Life from a shark cage, son effort le plus dépouillé en apparence à ce jour, a été mis en boîte dans divers studios, à Louisville (sa ville natale), à Chicago, San Francisco et même Londres, avec l’aide de Steve Albini (bien sobre) et Tim Gane (Stereolab). Une preuve de nomadisme pour un musicien ouvert à toutes les expériences et rencontres, mais qui ne nuit en aucune manière à la perception de sa musique. Clairement, David Pajo évolue vers un jeu de guitare qui n’est pas sans rappeler John Fahey, avec un touche d’abstraction en plus.
S’il faut encore évoquer, non pas des influences évidentes, mais des cousinages, on citera Jim O’Rourke bien sûr, Loren Mazzacane-Connors, Thurston Moore et Lee Ranaldo, voire même Keiji Haino. Quel est le lien qui unit tous ces artistes ? Le goût pour l’improvisation bien entendu, source d’un formidable élan créatif. Un élan que l’on retrouve sur Live from a shark cage, dès le morceau introductif, le bien nommé Roadrunner -on ne compte pas Arundel, petite chose méditative qui entame et clôt l’album. A la première écoute, cela peut sembler quelque peu décharné, désincarné, mais très vite, le morceau s’organise en une petite symphonie, pleine de contretemps et en même temps presque ritournelle.
On évoquait plus haut John Fahey, puis Jim O’Rourke ; ils restent en ombre chinoises tout au long des onze morceaux qui composent le disque. Le premier pour le côté pastoral, proto-folk, le second affirmant sa présence sur Pink holler par exemple, pour la manière de détacher les notes, mais toujours chez Papa M, on retrouve celles-ci soulignées par un fond de larsen, de distorsion traduisant, à n’en pas douter, une forme d’angoisse, de tension profonde (Crowd of one). Les lointaines réminiscences progressives ou psychédéliques sont bien assimilées puis réimprimées, sur un titre comme Drunken spree, et tendent à inscrire Pajo dans la grande lignée des guitaristes américains, en opposition aux européens.

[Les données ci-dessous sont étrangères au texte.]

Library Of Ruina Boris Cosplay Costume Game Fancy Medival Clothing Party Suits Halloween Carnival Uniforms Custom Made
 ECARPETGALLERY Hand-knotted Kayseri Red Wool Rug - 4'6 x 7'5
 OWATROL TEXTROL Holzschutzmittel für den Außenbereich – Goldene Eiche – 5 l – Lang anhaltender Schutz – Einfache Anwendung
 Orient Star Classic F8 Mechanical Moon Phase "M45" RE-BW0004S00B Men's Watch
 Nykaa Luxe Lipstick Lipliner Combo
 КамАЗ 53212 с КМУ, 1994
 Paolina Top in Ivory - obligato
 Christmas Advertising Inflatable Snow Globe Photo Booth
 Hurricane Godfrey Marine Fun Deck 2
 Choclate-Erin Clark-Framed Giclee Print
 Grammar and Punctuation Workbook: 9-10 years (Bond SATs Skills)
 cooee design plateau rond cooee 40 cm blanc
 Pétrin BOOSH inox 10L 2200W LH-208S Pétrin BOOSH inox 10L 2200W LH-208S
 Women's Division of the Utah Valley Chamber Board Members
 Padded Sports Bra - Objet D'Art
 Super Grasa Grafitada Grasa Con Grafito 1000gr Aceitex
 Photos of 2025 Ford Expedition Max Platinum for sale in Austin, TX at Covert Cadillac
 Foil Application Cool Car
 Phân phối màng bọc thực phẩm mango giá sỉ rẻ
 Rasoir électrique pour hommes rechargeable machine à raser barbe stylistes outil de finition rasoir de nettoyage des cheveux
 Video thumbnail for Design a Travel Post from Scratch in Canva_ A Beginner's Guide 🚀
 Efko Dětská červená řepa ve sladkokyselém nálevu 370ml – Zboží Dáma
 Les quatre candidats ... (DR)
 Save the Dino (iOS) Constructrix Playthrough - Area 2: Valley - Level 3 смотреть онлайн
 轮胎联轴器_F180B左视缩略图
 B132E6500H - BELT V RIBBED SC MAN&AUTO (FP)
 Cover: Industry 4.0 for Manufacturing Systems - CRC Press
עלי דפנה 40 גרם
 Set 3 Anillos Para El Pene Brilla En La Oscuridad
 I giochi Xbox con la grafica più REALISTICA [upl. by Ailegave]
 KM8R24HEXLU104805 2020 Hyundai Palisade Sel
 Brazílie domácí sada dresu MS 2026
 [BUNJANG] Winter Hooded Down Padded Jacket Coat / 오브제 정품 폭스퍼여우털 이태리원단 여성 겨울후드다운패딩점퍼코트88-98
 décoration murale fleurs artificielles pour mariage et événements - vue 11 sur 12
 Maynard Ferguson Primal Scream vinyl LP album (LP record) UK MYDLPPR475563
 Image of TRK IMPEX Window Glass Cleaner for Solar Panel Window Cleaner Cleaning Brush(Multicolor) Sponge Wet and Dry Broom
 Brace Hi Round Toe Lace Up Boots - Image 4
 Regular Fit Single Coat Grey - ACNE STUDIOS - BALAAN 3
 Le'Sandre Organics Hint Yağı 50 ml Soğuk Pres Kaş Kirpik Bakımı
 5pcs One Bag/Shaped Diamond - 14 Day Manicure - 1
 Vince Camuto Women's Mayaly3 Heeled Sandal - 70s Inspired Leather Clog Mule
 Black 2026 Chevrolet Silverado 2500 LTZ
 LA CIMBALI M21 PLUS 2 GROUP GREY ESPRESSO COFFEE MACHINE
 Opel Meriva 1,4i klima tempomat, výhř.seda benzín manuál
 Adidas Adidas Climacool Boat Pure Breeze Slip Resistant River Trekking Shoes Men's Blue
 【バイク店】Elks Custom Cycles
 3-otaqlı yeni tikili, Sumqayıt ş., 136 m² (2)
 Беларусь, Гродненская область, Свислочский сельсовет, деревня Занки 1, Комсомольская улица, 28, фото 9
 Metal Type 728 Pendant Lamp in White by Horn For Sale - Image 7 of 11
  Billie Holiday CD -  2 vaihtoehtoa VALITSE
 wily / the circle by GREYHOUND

Terre d’attache ne signifie pas pour autant œillères, Papa M le rappelle sur Bups, intermède pianistique devant beaucoup à la musique sérielle (comme le splendide I am not lonely with cricket). On l’aura compris, David Pajo est un musicien universel, œuvrant dans la discrétion, mais pas dans l’ignorance, et son disque intelligent est une vraie petite merveille. A écouter d’urgence.